The aggravated felony bond provision also contains language similar to 18 U.S.C.A. § 3142(b) (West Supp. 1991). That section states that a "judicial officer shall order the pretrial release of the person on personal recognizance" or bond subject to certain conditions, "unless the judicial officer determines that such release will not reasonably assure the appearance of the person as required or will endanger the safety of any other person or the community."

It is not clear, in the first instance, that the aggravated felony bond provision was intended to create a "rebuttable presumption," as the majority states. The majority's conclusion is based on statutory construction, in particular, the assumption that the "legislative purpose is expressed by the ordinary meaning of the words used." From this principle, the majority concludes that it is "unreasonable to conclude" that the statute requires the Service to "demonstrate that the alien `is not' a threat to the community."

I wish I could share the majority's faith that the words of this provision have an "ordinary meaning," and that if they do, they create a rebuttable presumption. However, if reference is made to the language used in the Bail Reform Act of 1984, it is not altogether clear that the "ordinary meaning" may be lifted from the bare words of the statute.

It is instructive to contrast the language of section 242(a)(2)(B) of the Act with section 3142(b) of the Bail Reform Act of 1984. Section 3142 of the Bail Reform Act of 1984 deals with release pending trial in federal criminal proceedings, the situation most analogous to release pending an immigration hearing. The former reads, as pertinent:

The Attorney General shall release from custody an alien who is lawfully admitted for permanent residence on bond or such other conditions as the Attorney General may prescribe if the Attorney General determines that the alien is not a threat to the community and that the alien is likely to appear before any scheduled hearings.

The latter reads:

The judicial officer shall order the pretrial release of the person . . . unless the judicial officer determines that such release will not reasonably assure the appearance of the person as required or will endanger the safety of any other person or the community.

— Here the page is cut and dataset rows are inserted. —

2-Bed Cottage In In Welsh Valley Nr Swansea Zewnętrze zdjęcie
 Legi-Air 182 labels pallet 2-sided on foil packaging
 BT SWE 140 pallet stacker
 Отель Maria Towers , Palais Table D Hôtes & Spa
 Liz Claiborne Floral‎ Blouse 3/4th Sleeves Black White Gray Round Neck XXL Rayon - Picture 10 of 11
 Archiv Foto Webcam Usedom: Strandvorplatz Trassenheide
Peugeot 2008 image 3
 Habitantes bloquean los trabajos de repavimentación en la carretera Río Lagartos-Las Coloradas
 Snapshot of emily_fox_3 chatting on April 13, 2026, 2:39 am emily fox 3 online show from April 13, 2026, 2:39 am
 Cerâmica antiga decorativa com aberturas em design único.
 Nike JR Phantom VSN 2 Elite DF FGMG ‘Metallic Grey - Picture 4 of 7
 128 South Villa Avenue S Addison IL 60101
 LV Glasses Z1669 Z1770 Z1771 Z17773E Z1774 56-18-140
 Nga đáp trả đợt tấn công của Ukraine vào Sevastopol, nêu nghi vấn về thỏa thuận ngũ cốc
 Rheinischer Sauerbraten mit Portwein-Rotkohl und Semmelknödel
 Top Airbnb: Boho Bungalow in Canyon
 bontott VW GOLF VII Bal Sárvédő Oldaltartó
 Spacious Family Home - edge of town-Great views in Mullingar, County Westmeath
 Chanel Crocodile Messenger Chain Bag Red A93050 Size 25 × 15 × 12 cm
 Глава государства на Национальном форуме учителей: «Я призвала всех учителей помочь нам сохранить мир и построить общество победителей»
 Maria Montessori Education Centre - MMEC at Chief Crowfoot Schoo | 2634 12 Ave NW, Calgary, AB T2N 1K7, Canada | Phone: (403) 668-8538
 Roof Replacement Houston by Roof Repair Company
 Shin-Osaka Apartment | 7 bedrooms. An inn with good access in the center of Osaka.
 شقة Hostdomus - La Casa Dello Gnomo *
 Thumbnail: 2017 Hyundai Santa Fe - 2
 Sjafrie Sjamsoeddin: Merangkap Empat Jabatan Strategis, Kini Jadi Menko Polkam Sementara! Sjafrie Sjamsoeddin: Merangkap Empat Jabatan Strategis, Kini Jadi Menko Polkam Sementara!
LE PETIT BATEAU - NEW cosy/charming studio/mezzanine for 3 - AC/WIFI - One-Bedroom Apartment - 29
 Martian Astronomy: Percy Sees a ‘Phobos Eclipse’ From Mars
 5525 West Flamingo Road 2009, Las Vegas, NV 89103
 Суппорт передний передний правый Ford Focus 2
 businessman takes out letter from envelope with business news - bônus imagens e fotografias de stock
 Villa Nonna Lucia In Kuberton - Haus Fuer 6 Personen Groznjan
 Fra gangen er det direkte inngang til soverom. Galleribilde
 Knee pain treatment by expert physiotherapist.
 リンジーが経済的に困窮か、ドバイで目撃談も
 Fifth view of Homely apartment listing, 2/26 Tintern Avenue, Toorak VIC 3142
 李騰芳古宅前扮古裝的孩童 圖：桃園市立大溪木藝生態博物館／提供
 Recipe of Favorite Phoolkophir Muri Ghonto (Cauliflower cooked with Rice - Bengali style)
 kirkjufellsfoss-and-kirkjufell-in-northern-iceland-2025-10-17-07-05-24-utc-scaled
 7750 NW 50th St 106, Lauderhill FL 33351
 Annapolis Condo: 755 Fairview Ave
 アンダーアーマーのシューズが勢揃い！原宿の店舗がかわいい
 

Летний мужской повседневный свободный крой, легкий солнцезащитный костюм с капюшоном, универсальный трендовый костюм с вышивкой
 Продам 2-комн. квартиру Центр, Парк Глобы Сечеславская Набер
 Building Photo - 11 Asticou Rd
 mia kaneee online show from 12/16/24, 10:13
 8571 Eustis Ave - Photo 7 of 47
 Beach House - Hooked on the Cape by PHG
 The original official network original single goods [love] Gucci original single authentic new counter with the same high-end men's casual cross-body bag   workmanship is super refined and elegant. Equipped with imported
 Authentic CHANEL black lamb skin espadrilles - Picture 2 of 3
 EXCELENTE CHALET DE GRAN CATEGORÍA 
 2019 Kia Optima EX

The sentence structure and the grammar are very similar, with one difference being the use of the word "unless" introducing a conjunctive phrase in the Bail Reform Act of 1984, and the word "if" used in the immigration provision. It does not appear that the difference in affirmative and negative characterizations results in a different meaning. The judicial officer "determines that such release . . . will endanger the safety." The Attorney General "determines that the alien is not a threat to the community."

If these two provisions are similar enough that they should have the same effect, then it becomes even more difficult to apply the majority's interpretation when prior judicial interpretations of the federal bail provision are consulted. The predecessor provision to section 3142(b) of the Bail Reform Act of 1984 was section 3146(a) of the Bail Reform Act of 1966, Pub.L. No. 89-465, 80 Stat. 214. The 1966 Act provided as follows:

Any person charged with an offense, other than an offense punishable by death, shall . . . be ordered released pending trial . . . unless the officer determines . . . that such a release will not reasonably assure the appearance of the person as required.

This provision was revised and renumbered as section 3142(b) in 1984, to include reference to danger to the community. For our purposes, however, the salient point is that the "statute and its legislative history are unambiguous" as stated in United States v. Leathers, 412 F.2d 169, 170 (D.C. Cir. 1969):

The Bail Reform Act specifies mandatorily that conditions of pretrial release be set for defendants accused of noncapital offenses. When imposing these conditions, the sole concern of the judicial officer charged with this duty is in establishing the minimal conditions which will "reasonably assure the appearance of the person for trial * * *." The structure of the Act and its legislative history make it clear that in noncapital cases pretrial detention cannot be premised upon an assessment of danger to the public should the accused be released.

The Act creates a presumption in favor of releasability on personal recognizance or upon the execution of an unsecured appearance bond.

Id. at 170-71 (emphasis added) (footnote omitted).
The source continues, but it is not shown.